Mas aqui estamos para anunciar o início das postagens sobre “O
Estrangeiro”. Avançaremos com essa obra-prima, crítica e instigadora das vidas
de vários de nós que a leram na adolescência/juventude. Certamente um marco da
produção Existencialista.
(...)
“Sua mãe falecida: Enterro
amanhã. Sentimos pêsames”.
Logo no começo do livro, vemos Meursault nos revelando
que sua mãe morreu... Alguns logo diriam que se trata de um tipo distraído ou
de um mau filho. Onde já se viu? Sequer sabia dizer se a mãe havia morrido no
dia mesmo em que recebeu o telegrama do asilo! Podia ter morrido na véspera!
Que tipo, este Meursault! Temos a clara impressão de que essa dúvida o
incomodou mais do que a triste notícia...
(...)
Meursault vivia em Argel.
Marengo*, onde se localizava o asilo, fica a oitenta quilômetros... O rapaz
pensou que se pegasse o ônibus das 14:00 chegaria à tarde, resolveria eventuais
pendências com a casa de idosos, passaria a noite no velório e poderia retornar
no dia seguinte, à noite.
*Vale destacar que Marengo era uma aldeia que tinha esse
nome ao tempo da colonização francesa; depois o lugar passou a se chamar
Hadjout.
Tudo calculado, Meursault adiantou ao seu chefe que precisava se afastar
do trabalho por causa do sepultamento da mãe. Pediu e lhe foram concedidos dois
dias de licença.
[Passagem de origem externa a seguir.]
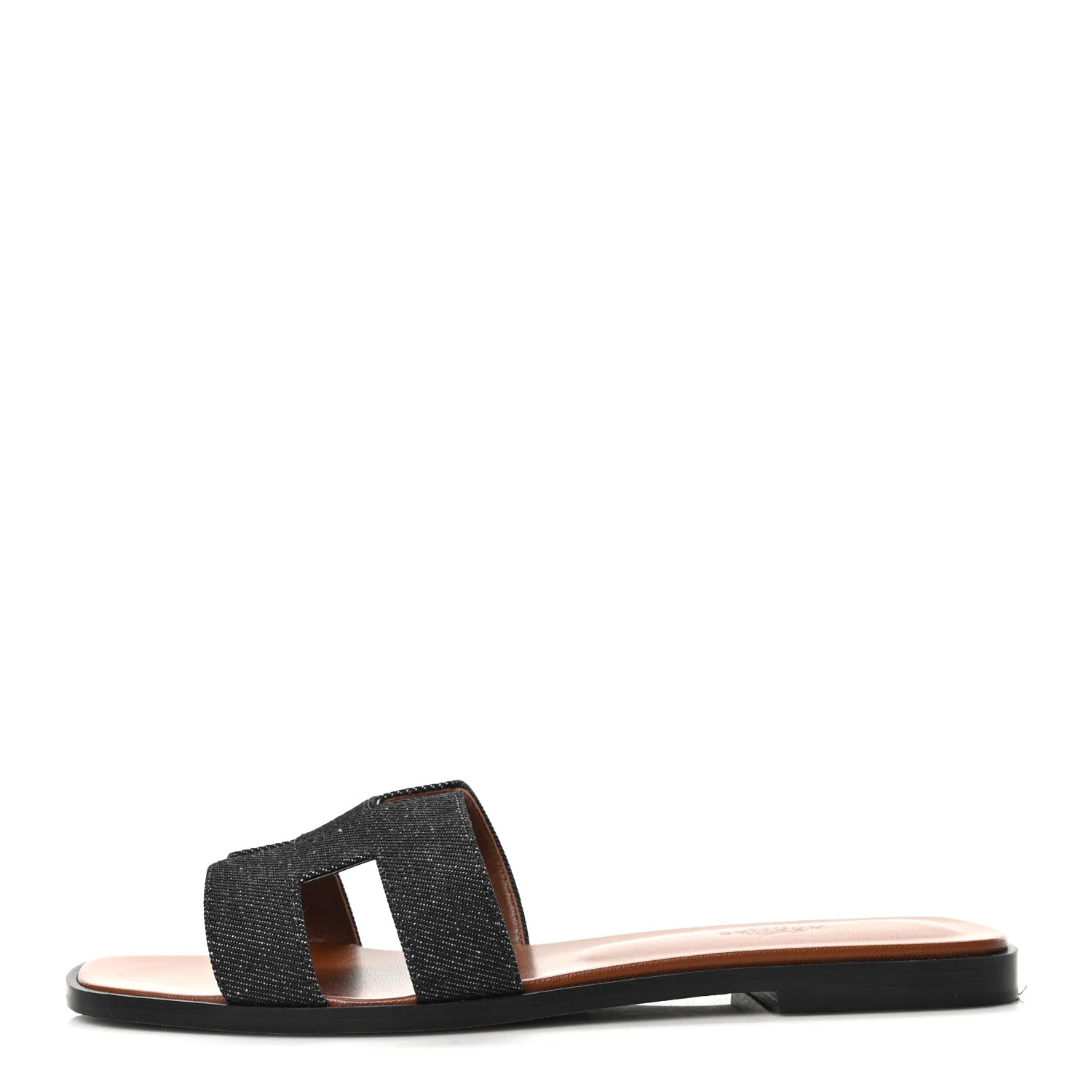 Denim Canvas Oran Sandals 39.5 Bleu Brut | FASHIONPHILE (US)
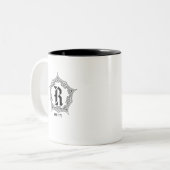 ClassicFrame diner Restaurant Tweekleurige Koffiemok (Voorkant links)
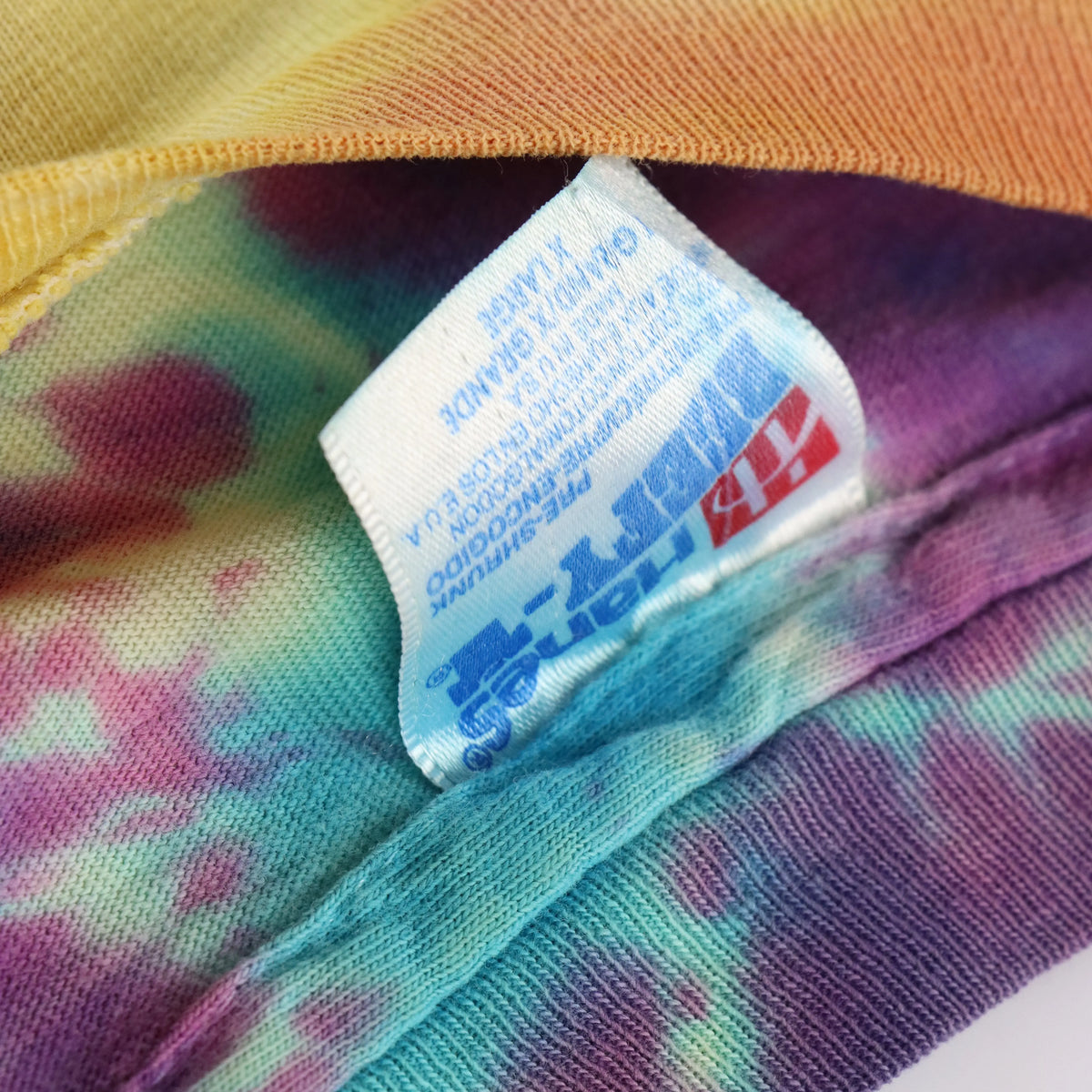 Vintage Magic Mushroom Psychedelic Tie-Dye Rainbow Single Stitch T-Shirt (XL) Vintage Sole Melbourne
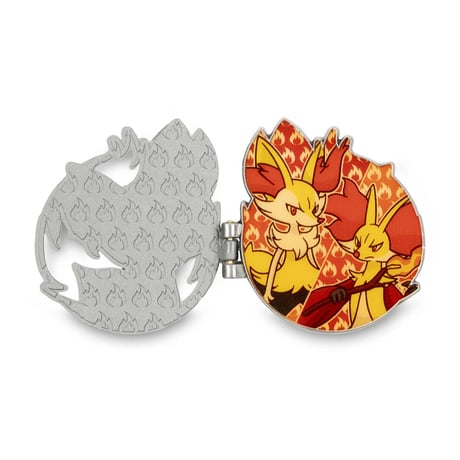 Pokemon Center Exclusive Fennekin, Braixen, and Magikarp Evolution Pin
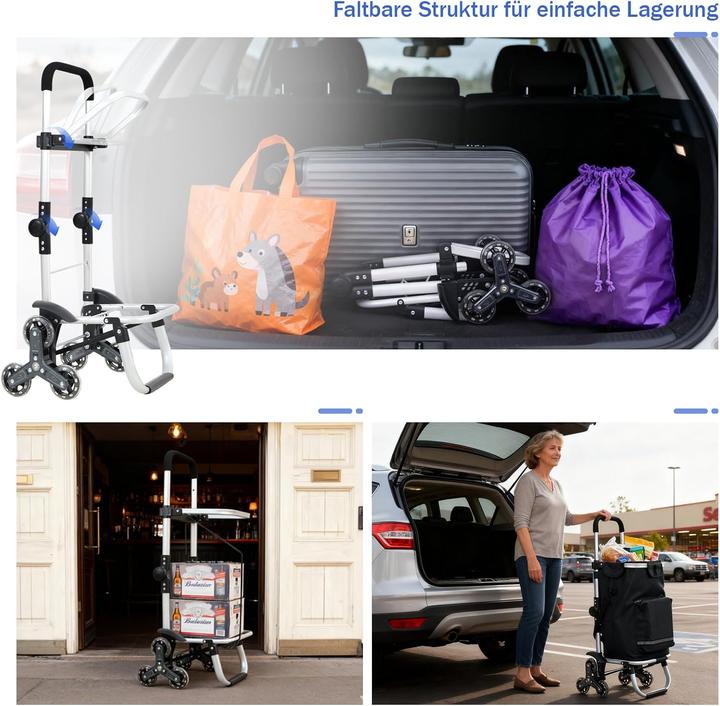 Produktbild Sekey Einkaufstrolley mit Treppensteigerfunktion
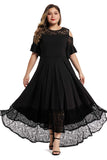 Fashion lace splicing dress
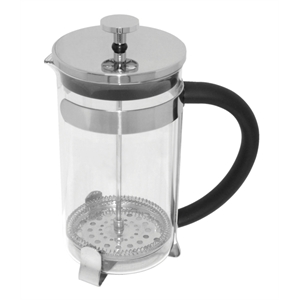 Cafetiere rvs sterk glas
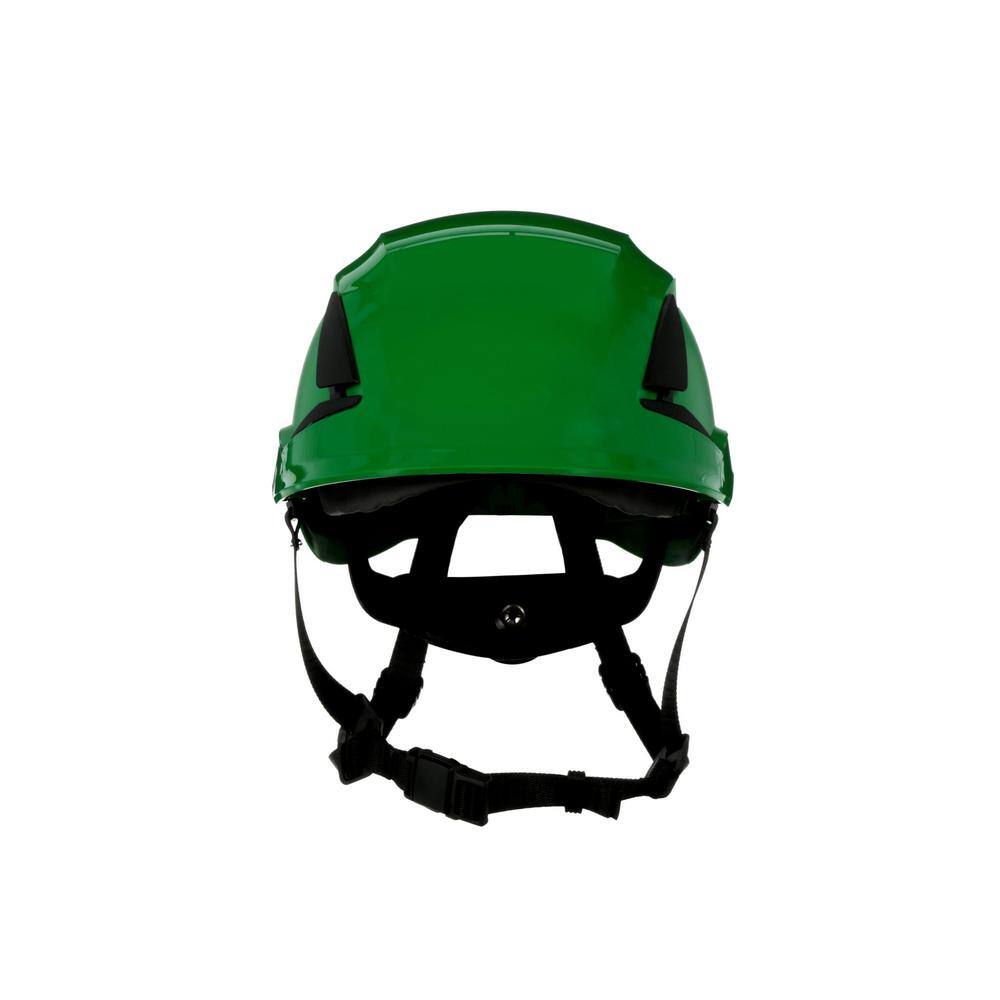 3M SecureFit Green Suspension Safety Helmet (Case of 10) X5004ANSI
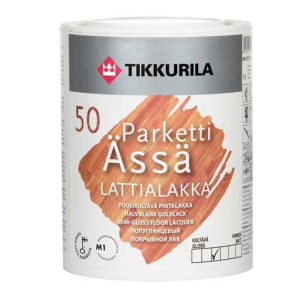 Tikkurila Parketti-Assa 50 / Тиккурила Панели-Ясся 50 Лак паркетный полиуретано-акрилатный полуглянцевый Tikkurila Parketti-Assa 50 / Тиккурила Панели-Ясся 50 Лак паркетный полиуретано-акрилатный полуглянцевый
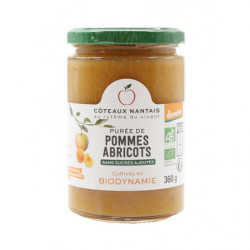 Purée pomme-abricot Demeter...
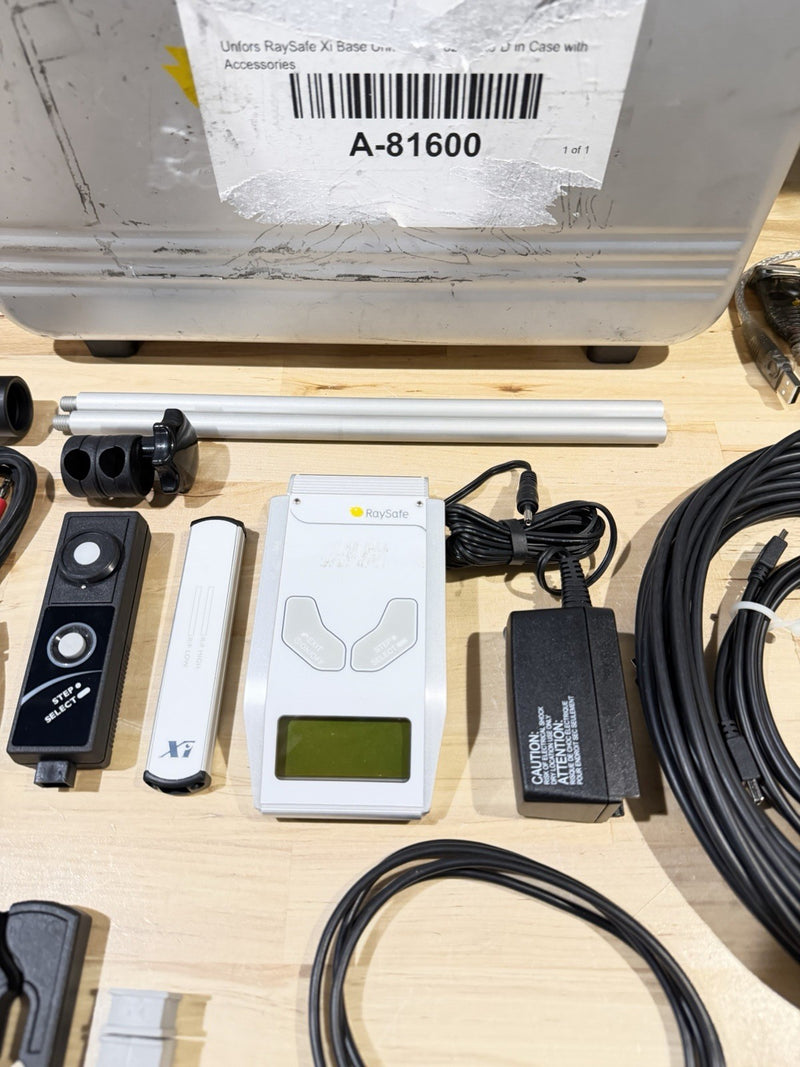 UNFORS RAYSAFE 8201023-D XI BASE UNIT W/ XI RF PROBE & ACCESSORIES (TESTED)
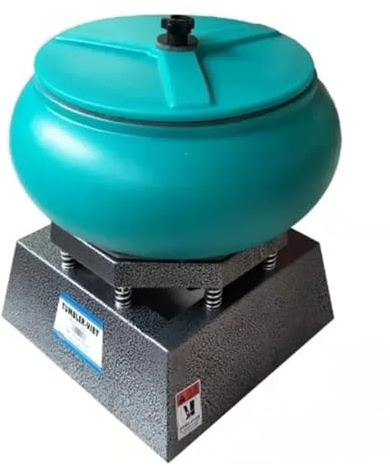 Buratto vibrante elettrico da 17 pollici e 350 W, lucidatrice for ciotole di roccia vibrante con velocità variabile per Metallo, Giada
Apesar de o homem não se mostrar muito receptivo à demanda do
subalterno, não criou caso e não recusou “a folga” já que o pretexto era dos
mais justificados.
O caso é que, tendo percebido o mal-estar do chefe no momento em que
solicitava os dois dias, Meursault achou por bem pedir desculpas e disse-lhe “a
culpa não é minha”... Sem dúvida, algo inusitado. Obviamente o outro não lhe
deu nenhuma resposta... Então o rapaz pensou que não devia ter dito nada, pois
era obvio que não tinha culpa de a mãe ter morrido e, por isso não lhe restava
outra coisa a fazer senão afastar-se do trabalho para cuidar dos procedimentos
próprios do sepultamento.
É como se tivesse pedido
desculpas... Mas no final das contas o chefe é que deveria ter lhe dado os
pêsames. Foi isso que Meursault acabou pensando.
(...)
Ele pensava sobre essas
coisas e ao mesmo tempo procurava minimizá-las. Cravou que certamente o chefe
lhe daria os pêsames assim que o visse enlutado depois de retornar de Marengo.
A
sensação lhe era das mais estranhas... No momento era como se nada de diferente
tivesse ocorrido em sua rotina... Era “como se a mãe não tivesse morrido”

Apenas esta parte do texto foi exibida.